Tsurugaoka Hachimangu was founded on Yoritomo’s faith and respect for his ancestors’ achievements. Yoritomo’s devotional to Tsurugaoka Hachimangu was deemed to be an ideal to which subsequent shoguns and samurai should aspire. Subsequent shoguns and their followers worshipped Tsurugaoka Hachimangu as Yoritomo had done, and built shrines for Hachiman kami throughout Japan. […]

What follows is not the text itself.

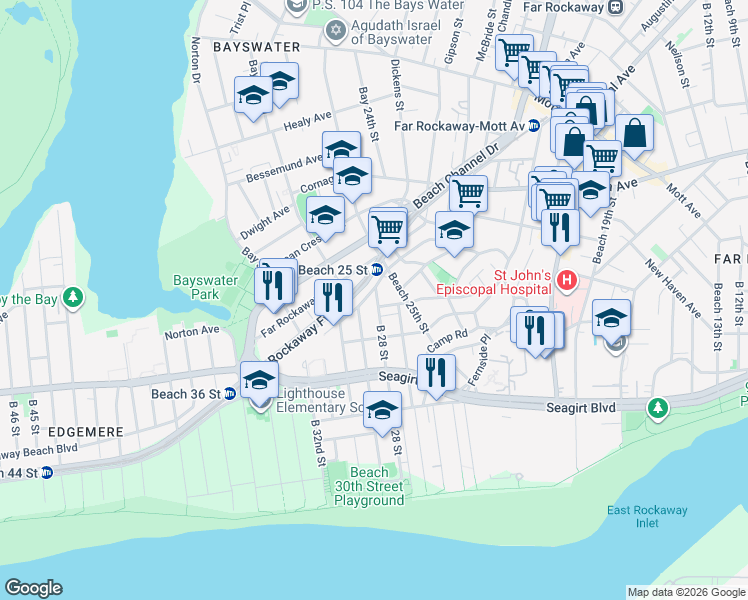 map of restaurants, bars, coffee shops, grocery stores, and more near 443 B 28 Street in Queens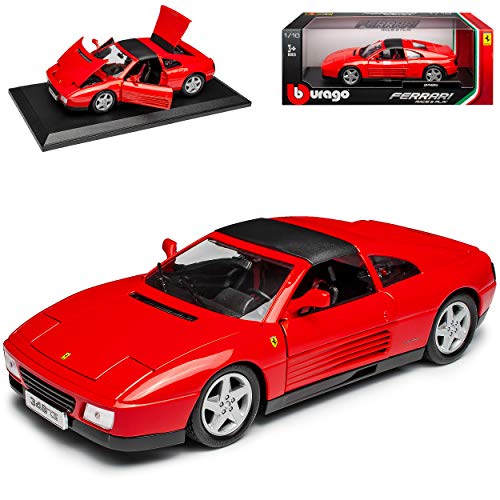 Ferrari 348 TS Targa Coupe Rot 1989-1995 1/18 Burago Modell Auto mit individiuellem Wunschkennzeichen von alles-meine.de GmbH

The current main shrine is a typical example of Edo shrine architecture; it was constructed in 1828. The Wakamiya shrine was restored in 1624, and both thrived owing to the lavish support of the Tokugawa shogunate. Both of these buildings are designated as nationally important cultural properties. Today, Kamakura is famous for its many historical sites and places of beauty. Tsurugaoka Hachimangu is still located at the centre of Kamakura, attracting the respect and the faith of so many.